■ Input ■
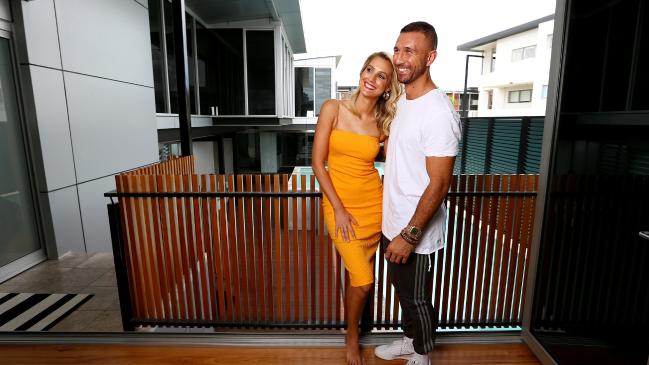 Rugby union star Quade Cooper sells luxury Brisbane home (2)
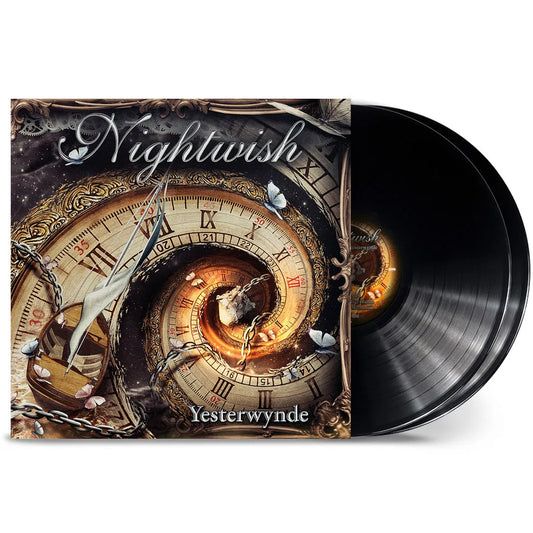 Yesterwynde - 2x Vinyl LP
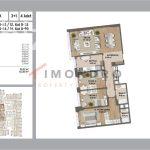Maltepe, İstanbul’da Denize Sıfır Modern Daire (İlan No: 8462)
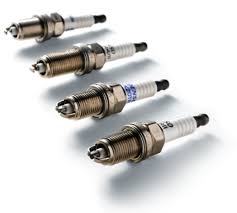 Spark Plugs - Yichou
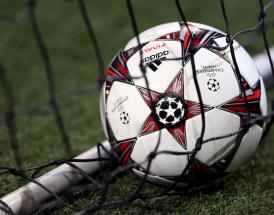 Best young players European football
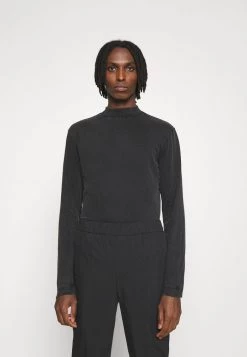 DRYKORN MORITZ - Long Sleeved Top - Grau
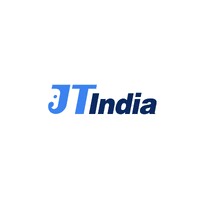 JT Technology India Private Limited logo - Similar company to Splines Solutions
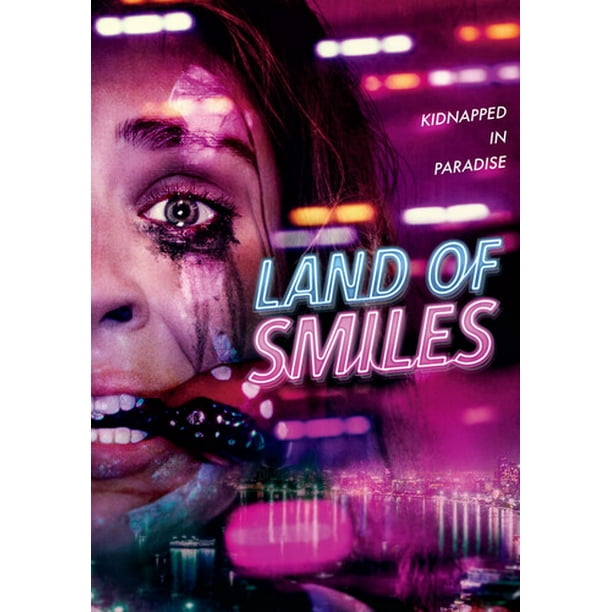 Land of Smiles (DVD)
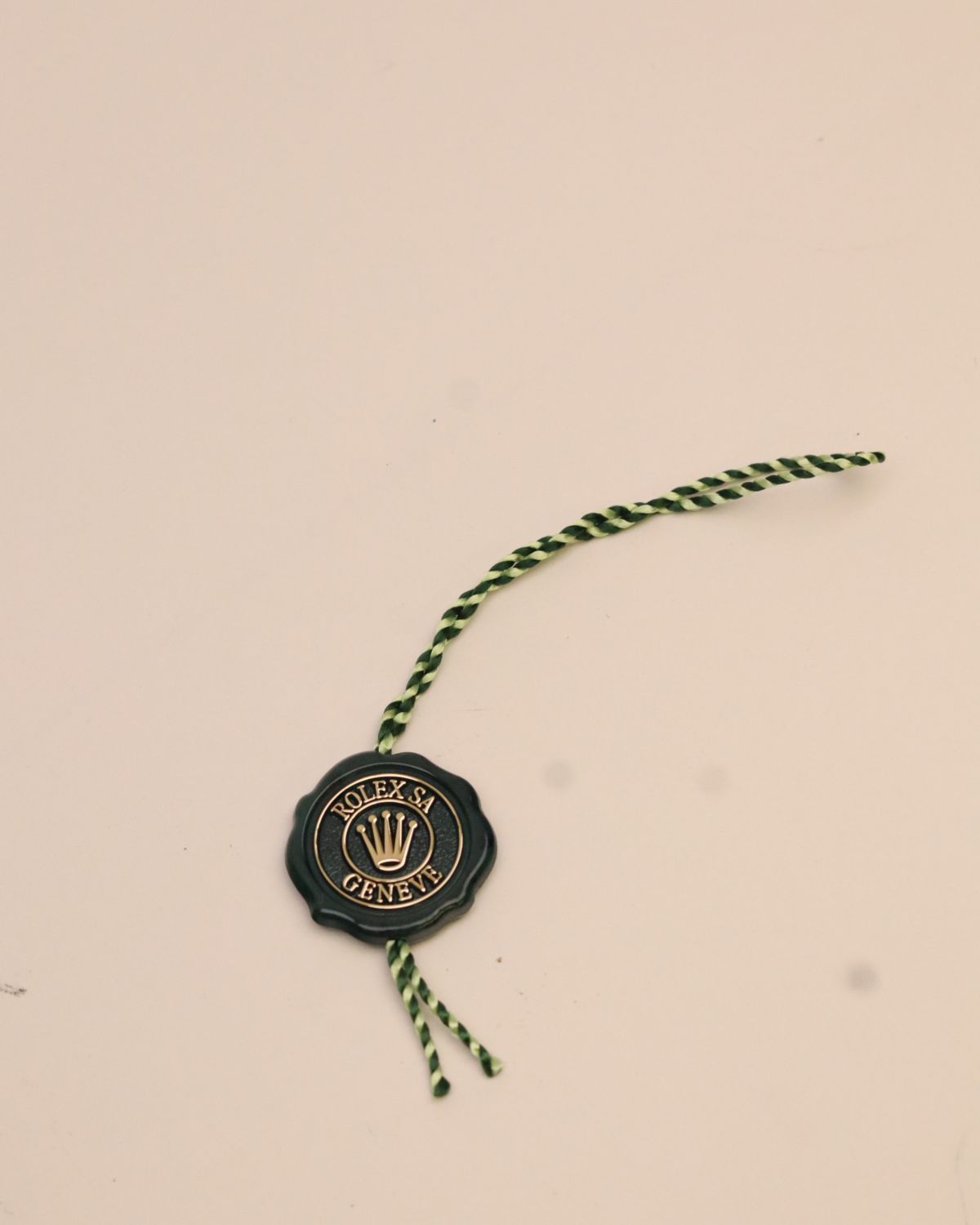 Rolex 124060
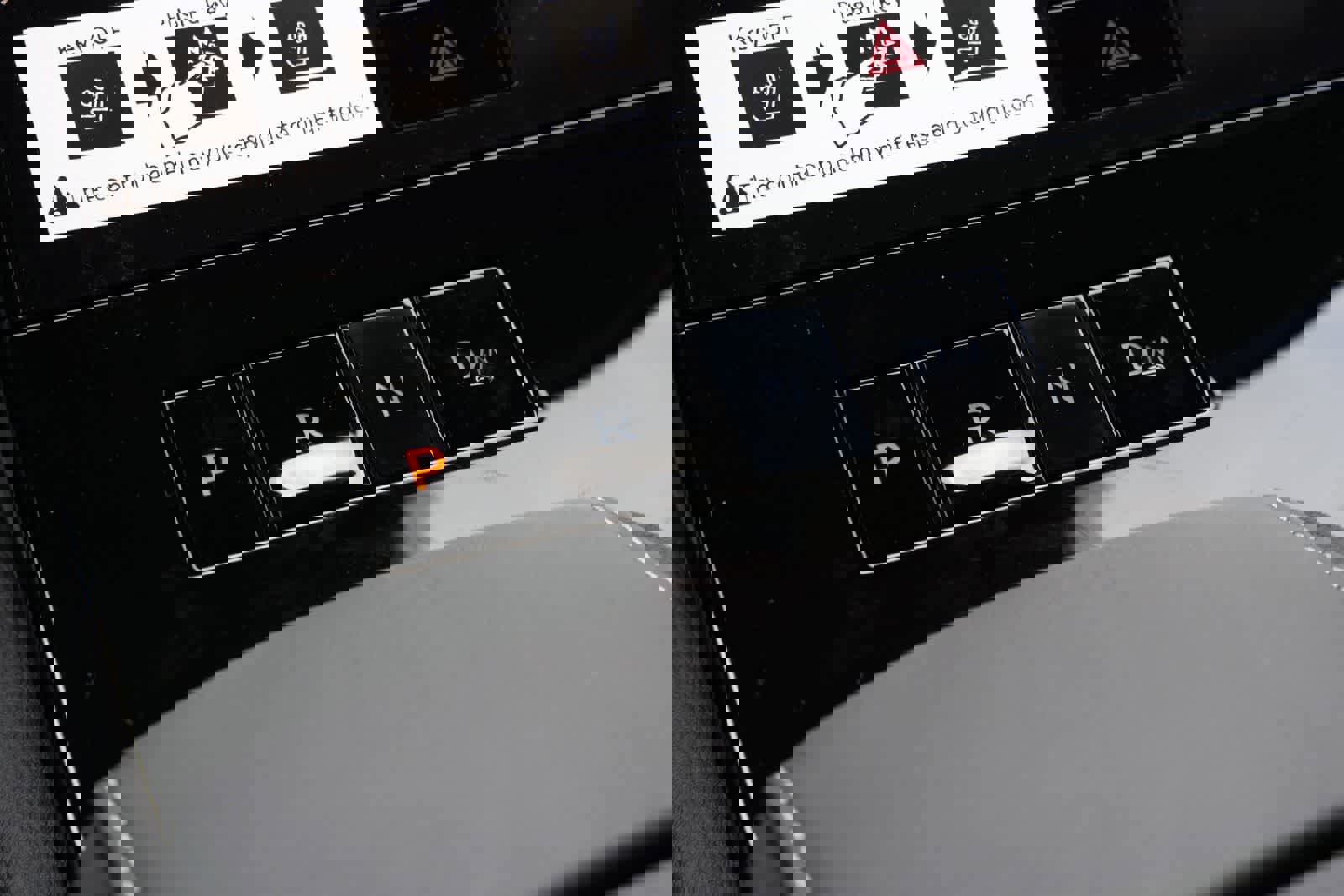 New 2026 INFINITI QX80 Autograph image 15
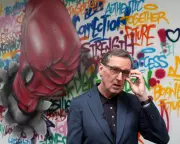 Alan Milburn Launches Review into Rising Youth Unemployment Crisis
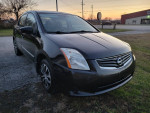 2011 Nissan Sentra 2 FWD 138,000 mi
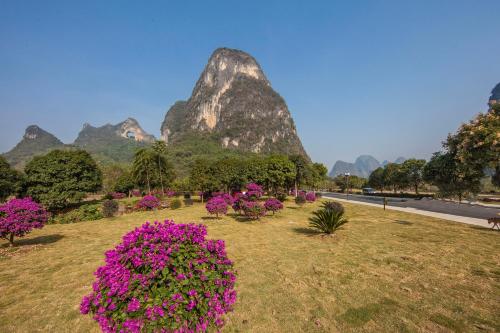 Yangshuo Village Inn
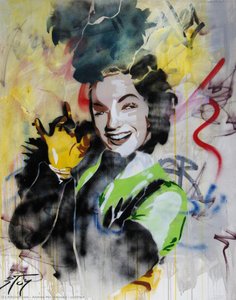 Untitled — Andrea Michaelsson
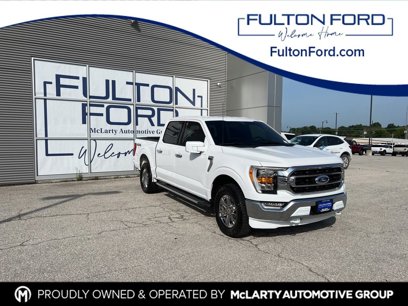 Used 2023 Ford F150 XLT w/ Equipment Group 302A High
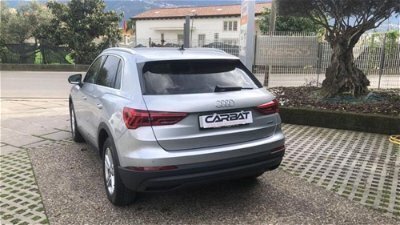 Usato 2019 Audi Q3 2.0 Diesel 184 CV (31.990 €)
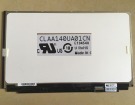 Cpt claa140ua01cn 14 inch bärbara datorer screen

■ Instructions to follow ■
What is needed is an exact transcription of every entry, minus the pictures.

■ Response to this task ■
 Rugby union star Quade Cooper sells luxury Brisbane home (2)
 Yesterwynde - 2x Vinyl LP
Maltepe, İstanbul’da Denize Sıfır Modern Daire (İlan No: 8462)
 Spark Plugs - Yichou
 Best young players European football
 DRYKORN MORITZ - Long Sleeved Top - Grau
 JT Technology India Private Limited logo - Similar company to Splines Solutions
 Land of Smiles (DVD)
 Rolex 124060
 New 2026 INFINITI QX80 Autograph image 15
 Alan Milburn Launches Review into Rising Youth Unemployment Crisis
 2011 Nissan Sentra 2 FWD 138,000 mi
 Yangshuo Village Inn
 Untitled — Andrea Michaelsson
 Used 2023 Ford F150 XLT w/ Equipment Group 302A High
 Usato 2019 Audi Q3 2.0 Diesel 184 CV (31.990 €)
 Cpt claa140ua01cn 14 inch bärbara datorer screen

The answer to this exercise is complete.